At this point, I immediately got up, closed my door, and prayed the chaplet for Bob's soul. At the end of the day on the way home, I called my wife and said, "I think I need to visit Bob today." She said, "Didn't you see the email? He passed away today." I hadn't seen the email. When I got home, I saw it had come at about 9:30 a.m., which put Bob's time of death very close to when I was summoned to pray. I eventually found out that he had passed around 7 a.m.
I don't know enough about the afterlife to guess what happened in that hour until the Lord spoke to me, but I trust Jesus. My story brought a lot of comfort to Bob's wife, Kathy.
I am now a volunteer for hospice, and I have been spreading the Divine Mercy Chaplet every opportunity I get.
I recently read every bit of the Divine Mercy pamphlet and came across a section that explained how St. Faustina was often contacted by souls for whom she prayed. If not the soul itself, then by an angel, or the Lord Himself. I can only say that a sheep knows the voice of his shepherd, and I can tell you that it was His voice I heard. My soul knows it. I am in the process of reading St. Faustina's Diary, and I hope I hear His voice again. I will continue my mission in the meantime.

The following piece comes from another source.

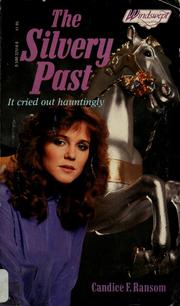 Cover of: The Silvery Past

I recently led a group of women at my church in praying the Divine Mercy Chaplet. One of the women said it was only the second time in her life that she felt the Holy Spirit in her presence. God is good. Jesus is more real to me now than ever before. I think about Him every waking moment now, and I feel His mercy working on me and others around me. I praise Him!
I told my pastor about the experience, and I think he believed me. I even offered to pray it with him. At first he didn't seem interested, but eventually, he accepted my offer. Afterward, he said he could sense the power in the chaplet. We now pray the chaplet together on a regular basis.
This whole experience has forever changed my life. I encourage everyone to pray the chaplet daily and to go out of your comfort zone to share this with others. I feel like that is our mission as followers and servants of Jesus.
Steve Schouten lives in Murfreesboro, Tennessee.